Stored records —
━━━

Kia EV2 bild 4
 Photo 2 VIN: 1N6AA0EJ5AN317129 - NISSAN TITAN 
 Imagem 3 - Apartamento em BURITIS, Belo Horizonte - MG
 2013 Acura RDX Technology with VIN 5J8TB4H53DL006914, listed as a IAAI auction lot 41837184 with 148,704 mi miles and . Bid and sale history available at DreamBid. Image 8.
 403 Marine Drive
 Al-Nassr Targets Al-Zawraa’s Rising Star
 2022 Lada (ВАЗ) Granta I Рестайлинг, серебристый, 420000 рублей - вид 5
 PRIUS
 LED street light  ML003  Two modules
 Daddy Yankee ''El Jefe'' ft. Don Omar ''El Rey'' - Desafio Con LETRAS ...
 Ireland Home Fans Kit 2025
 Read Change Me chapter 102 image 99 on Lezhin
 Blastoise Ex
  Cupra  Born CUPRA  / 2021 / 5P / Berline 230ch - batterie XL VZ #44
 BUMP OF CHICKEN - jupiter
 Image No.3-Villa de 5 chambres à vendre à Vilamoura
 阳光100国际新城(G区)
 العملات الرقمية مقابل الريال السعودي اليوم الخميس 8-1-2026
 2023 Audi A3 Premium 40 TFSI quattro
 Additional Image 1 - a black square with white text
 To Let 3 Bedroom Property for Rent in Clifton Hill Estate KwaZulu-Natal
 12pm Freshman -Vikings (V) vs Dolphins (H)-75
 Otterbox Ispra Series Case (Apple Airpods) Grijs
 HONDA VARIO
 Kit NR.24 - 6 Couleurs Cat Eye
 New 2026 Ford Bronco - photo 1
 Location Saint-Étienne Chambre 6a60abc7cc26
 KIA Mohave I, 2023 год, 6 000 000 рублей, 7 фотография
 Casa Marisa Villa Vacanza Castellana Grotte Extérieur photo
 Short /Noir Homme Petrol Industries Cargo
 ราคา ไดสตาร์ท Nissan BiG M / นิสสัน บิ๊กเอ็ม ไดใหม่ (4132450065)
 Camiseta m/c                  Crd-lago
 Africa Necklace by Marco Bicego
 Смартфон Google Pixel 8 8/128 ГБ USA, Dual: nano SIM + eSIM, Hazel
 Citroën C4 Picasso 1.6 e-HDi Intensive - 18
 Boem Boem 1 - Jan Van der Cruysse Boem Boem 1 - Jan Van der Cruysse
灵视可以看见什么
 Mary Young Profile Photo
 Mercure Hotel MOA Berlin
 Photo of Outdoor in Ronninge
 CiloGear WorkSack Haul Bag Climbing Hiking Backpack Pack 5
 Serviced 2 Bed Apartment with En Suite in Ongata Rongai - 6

━━━

The required answer is the exact run of lines above starting at the line with "Additional Image 1" and ending at the line with "KIA Mohave I, 2023", with both ends present.

 Additional Image 1 - a black square with white text
 To Let 3 Bedroom Property for Rent in Clifton Hill Estate KwaZulu-Natal
 12pm Freshman -Vikings (V) vs Dolphins (H)-75
 Otterbox Ispra Series Case (Apple Airpods) Grijs
 HONDA VARIO
 Kit NR.24 - 6 Couleurs Cat Eye
 New 2026 Ford Bronco - photo 1
 Location Saint-Étienne Chambre 6a60abc7cc26
 KIA Mohave I, 2023 год, 6 000 000 рублей, 7 фотография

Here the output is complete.